Score = Probabilité × Impact
Score minimum : 1 × 1 = 1
Score maximum : 5 × 5 = 25
Échelle de probabilité
| Niveau | Libellé | Fréquence indicative |
|---|
| 1 | Très rare | Moins d’une fois tous les 5 ans |
| 2 | Rare | Une fois tous les 2 à 5 ans |
| 3 | Possible | Une fois par an |
| 4 | Probable | Plusieurs fois par an |
| 5 | Quasi certain | Régulièrement ou en cours |
Échelle d’impact
| Niveau | Libellé | Exemples |
|---|
| 1 | Négligeable | Gêne mineure, résolution en quelques heures |
| 2 | Mineur | Impact limité sur un service, résolution en 1-2 jours |
| 3 | Modéré | Interruption significative, impact financier ou réputationnel |
| 4 | Majeur | Impact sévère, données sensibles compromises, sanctions possibles |
| 5 | Catastrophique | Menace sur la continuité de l’activité, impact existentiel |
Risque inhérent vs risque résiduel
Gëstu Risk distingue deux niveaux d’évaluation :
Risque inhérent — Le risque brut, sans tenir compte des contrôles en place. C’est le niveau de risque si aucune mesure n’existait.

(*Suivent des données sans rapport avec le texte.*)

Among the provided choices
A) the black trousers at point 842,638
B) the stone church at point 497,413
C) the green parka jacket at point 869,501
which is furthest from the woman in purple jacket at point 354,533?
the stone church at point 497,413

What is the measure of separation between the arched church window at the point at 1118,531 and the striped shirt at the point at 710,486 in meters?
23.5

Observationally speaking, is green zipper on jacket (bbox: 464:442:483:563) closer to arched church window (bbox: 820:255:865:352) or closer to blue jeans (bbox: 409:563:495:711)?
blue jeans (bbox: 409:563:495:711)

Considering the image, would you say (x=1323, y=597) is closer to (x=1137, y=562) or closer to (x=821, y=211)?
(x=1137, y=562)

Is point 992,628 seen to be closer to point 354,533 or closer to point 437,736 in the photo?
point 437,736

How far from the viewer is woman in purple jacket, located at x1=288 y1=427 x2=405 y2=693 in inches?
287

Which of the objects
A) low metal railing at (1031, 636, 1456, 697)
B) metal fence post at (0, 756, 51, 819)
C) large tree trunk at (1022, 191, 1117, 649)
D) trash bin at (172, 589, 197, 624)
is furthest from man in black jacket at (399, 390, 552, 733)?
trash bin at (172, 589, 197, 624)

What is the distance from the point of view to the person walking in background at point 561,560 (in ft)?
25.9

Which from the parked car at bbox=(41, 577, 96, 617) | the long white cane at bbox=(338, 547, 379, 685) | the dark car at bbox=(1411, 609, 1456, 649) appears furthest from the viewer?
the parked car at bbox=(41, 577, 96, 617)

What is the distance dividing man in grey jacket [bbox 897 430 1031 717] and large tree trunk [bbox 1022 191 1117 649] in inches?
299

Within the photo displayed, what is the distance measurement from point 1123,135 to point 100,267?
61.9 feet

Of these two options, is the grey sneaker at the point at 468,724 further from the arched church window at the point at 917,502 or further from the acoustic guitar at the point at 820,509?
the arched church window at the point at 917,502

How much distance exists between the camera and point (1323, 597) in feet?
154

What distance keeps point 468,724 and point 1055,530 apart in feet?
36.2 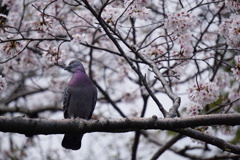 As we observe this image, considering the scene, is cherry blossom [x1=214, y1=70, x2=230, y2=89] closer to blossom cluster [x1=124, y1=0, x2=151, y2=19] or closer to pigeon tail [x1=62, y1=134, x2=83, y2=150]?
blossom cluster [x1=124, y1=0, x2=151, y2=19]

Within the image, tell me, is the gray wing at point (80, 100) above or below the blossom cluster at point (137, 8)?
below

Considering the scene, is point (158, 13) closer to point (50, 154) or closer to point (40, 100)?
point (50, 154)

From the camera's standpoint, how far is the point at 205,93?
3.96 meters

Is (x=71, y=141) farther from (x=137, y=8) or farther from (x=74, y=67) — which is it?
(x=137, y=8)

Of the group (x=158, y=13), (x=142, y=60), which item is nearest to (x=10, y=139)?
(x=158, y=13)

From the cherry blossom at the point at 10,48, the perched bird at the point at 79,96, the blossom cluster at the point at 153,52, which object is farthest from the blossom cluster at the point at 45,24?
the blossom cluster at the point at 153,52

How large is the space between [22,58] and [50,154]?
2.19 m

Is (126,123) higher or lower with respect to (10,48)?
lower

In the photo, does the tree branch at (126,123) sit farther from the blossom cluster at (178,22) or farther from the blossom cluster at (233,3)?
the blossom cluster at (233,3)

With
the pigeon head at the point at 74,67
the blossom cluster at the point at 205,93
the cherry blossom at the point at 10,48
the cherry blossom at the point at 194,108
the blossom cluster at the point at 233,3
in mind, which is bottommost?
the cherry blossom at the point at 194,108

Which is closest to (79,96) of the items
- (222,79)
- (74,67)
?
(74,67)

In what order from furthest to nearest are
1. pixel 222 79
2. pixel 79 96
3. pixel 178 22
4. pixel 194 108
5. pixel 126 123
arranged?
pixel 222 79, pixel 79 96, pixel 194 108, pixel 178 22, pixel 126 123

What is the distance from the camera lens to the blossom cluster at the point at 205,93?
13.0ft

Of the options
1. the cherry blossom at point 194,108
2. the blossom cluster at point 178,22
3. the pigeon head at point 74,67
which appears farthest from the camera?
the pigeon head at point 74,67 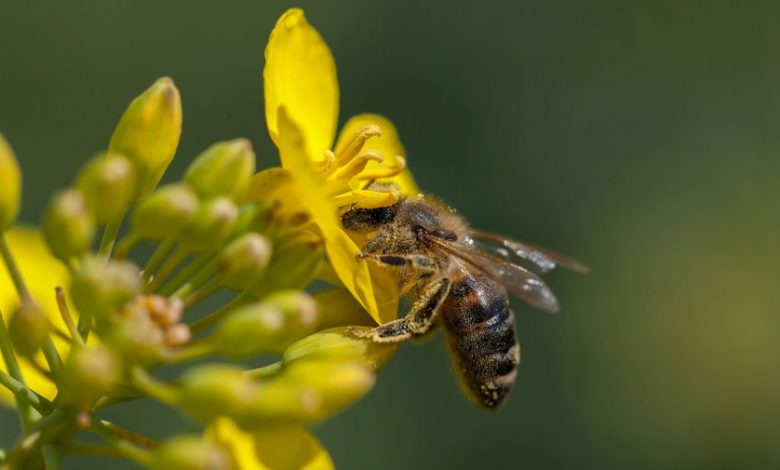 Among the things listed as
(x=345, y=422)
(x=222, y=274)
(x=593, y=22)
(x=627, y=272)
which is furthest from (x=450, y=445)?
(x=222, y=274)

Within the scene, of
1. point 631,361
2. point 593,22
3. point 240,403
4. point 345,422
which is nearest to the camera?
point 240,403

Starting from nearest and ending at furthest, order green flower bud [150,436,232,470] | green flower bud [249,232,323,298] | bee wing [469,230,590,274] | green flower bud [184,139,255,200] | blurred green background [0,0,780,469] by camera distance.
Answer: green flower bud [150,436,232,470], green flower bud [184,139,255,200], green flower bud [249,232,323,298], bee wing [469,230,590,274], blurred green background [0,0,780,469]

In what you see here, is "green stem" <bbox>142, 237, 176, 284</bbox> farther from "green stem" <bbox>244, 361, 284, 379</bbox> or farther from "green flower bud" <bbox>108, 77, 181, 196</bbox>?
"green stem" <bbox>244, 361, 284, 379</bbox>

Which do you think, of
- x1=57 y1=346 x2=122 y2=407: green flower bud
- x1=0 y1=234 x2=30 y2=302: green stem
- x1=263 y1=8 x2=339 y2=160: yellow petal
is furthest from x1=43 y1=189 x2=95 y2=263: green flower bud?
x1=263 y1=8 x2=339 y2=160: yellow petal

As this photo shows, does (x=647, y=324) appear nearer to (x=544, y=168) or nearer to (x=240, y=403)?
(x=544, y=168)

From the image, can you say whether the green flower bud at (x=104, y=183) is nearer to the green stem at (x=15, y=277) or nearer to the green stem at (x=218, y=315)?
the green stem at (x=15, y=277)

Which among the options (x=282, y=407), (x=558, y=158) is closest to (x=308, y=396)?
(x=282, y=407)

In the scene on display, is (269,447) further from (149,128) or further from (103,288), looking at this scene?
(149,128) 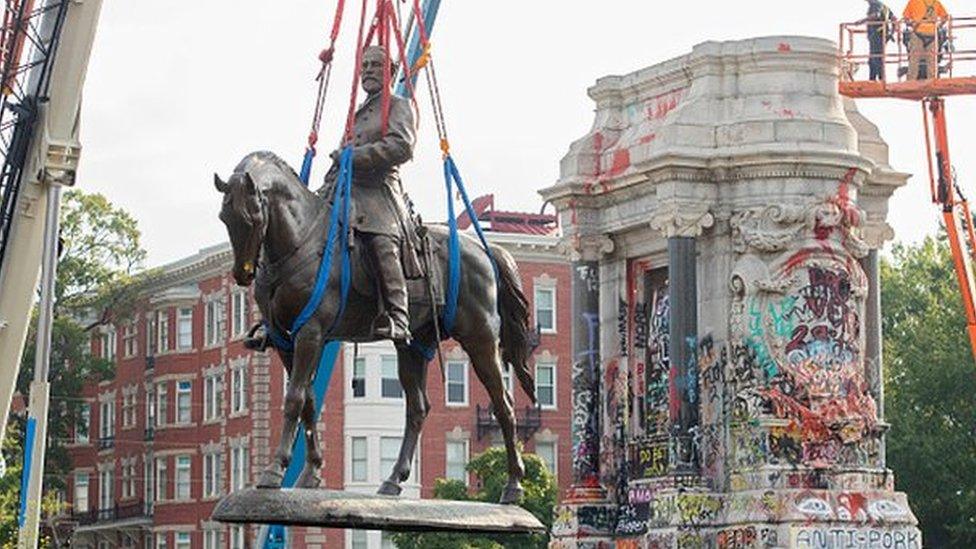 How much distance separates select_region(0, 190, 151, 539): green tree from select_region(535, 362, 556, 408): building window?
51.2 ft

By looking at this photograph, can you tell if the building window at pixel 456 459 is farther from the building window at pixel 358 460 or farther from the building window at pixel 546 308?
the building window at pixel 546 308

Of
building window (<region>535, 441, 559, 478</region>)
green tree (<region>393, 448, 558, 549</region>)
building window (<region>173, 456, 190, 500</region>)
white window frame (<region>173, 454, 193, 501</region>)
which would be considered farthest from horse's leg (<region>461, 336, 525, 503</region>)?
building window (<region>173, 456, 190, 500</region>)

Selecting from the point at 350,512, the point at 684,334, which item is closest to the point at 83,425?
the point at 684,334

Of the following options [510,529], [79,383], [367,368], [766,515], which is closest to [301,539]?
[367,368]

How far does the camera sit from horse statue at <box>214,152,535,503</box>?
17344 mm

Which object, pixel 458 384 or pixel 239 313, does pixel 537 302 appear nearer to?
pixel 458 384

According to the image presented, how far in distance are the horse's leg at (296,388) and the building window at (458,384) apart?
200 feet

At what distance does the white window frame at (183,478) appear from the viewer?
85.9m

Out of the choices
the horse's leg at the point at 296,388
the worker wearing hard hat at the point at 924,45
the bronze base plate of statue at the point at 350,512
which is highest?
the worker wearing hard hat at the point at 924,45

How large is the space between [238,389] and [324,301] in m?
65.8

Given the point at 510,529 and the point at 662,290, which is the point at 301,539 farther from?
the point at 510,529

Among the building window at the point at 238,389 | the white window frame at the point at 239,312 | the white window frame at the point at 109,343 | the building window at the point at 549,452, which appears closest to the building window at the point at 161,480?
the white window frame at the point at 109,343

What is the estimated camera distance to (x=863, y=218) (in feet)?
178

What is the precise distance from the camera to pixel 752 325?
5266cm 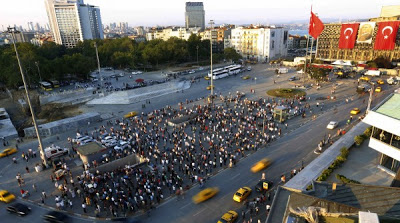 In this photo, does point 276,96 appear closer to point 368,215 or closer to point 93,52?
point 368,215

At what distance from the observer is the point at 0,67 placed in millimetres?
53875

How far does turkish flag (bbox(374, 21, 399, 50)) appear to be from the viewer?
240 feet

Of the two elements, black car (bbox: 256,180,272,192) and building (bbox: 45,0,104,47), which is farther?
building (bbox: 45,0,104,47)

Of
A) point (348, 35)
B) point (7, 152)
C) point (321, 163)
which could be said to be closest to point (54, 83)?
point (7, 152)

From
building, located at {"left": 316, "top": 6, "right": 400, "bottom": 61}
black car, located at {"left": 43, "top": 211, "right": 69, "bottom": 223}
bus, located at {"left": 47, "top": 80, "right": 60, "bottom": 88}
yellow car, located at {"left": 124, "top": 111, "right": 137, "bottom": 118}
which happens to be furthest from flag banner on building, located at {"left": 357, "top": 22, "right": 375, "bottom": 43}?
black car, located at {"left": 43, "top": 211, "right": 69, "bottom": 223}

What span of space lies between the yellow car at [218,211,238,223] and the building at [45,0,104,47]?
6992 inches

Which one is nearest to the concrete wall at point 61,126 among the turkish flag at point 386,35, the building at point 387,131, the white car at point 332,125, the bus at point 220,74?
the white car at point 332,125

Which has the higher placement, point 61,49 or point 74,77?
point 61,49

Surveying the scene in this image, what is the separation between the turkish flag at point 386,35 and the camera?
240ft

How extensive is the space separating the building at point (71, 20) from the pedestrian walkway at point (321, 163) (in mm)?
174516

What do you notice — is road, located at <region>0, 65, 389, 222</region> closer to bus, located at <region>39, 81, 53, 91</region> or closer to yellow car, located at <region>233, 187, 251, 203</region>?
yellow car, located at <region>233, 187, 251, 203</region>

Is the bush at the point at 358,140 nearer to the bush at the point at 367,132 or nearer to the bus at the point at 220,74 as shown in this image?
the bush at the point at 367,132

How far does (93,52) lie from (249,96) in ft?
187

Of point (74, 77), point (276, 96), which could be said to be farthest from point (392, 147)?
point (74, 77) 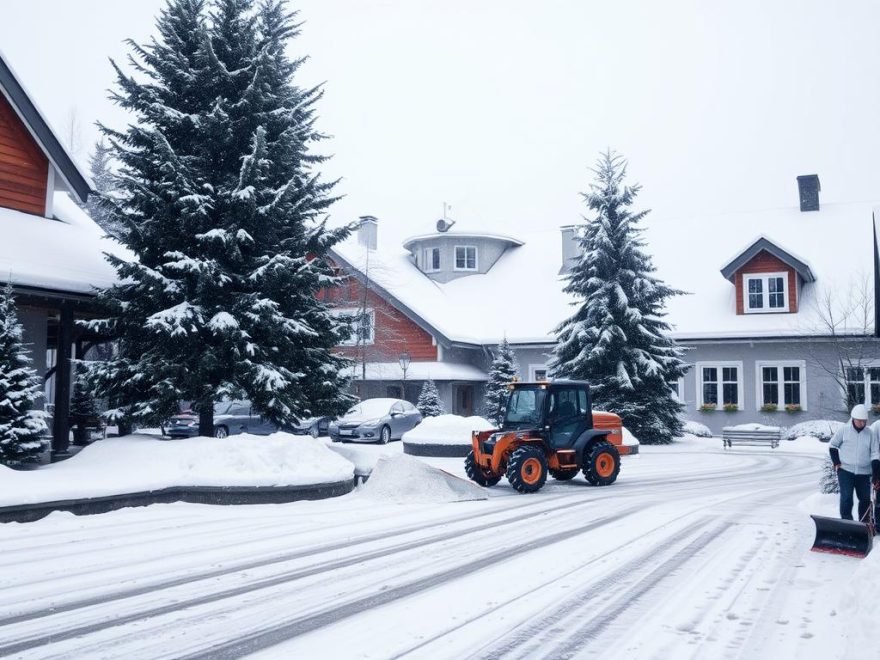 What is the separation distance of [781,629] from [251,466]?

Risque résiduel — Le risque après application des mesures de contrôle existantes. C’est le niveau de risque réel auquel l’organisation est exposée.
Pour chaque risque, vous pouvez renseigner les deux évaluations. La matrice affiche par défaut le risque résiduel.
Un risque inhérent élevé avec un risque résiduel faible indique que vos contrôles sont efficaces. Documentez ces contrôles comme preuves de maîtrise.
Révision périodique
Les risques doivent être réévalués régulièrement. Gëstu Risk permet de définir une fréquence de révision par risque :
- Mensuelle
- Trimestrielle
- Semestrielle
- Annuelle
Les risques dont la date de révision est dépassée apparaissent en rouge dans la liste et génèrent une alerte pour le propriétaire du risque.
Documentation de l’évaluation
Chaque évaluation doit être justifiée. Le champ Justification permet de documenter :
- Les sources d’information utilisées (incidents passés, benchmarks sectoriels)
- Les hypothèses retenues
- Les facteurs aggravants ou atténuants
Cette documentation est incluse dans les rapports et constitue une preuve lors des audits externes.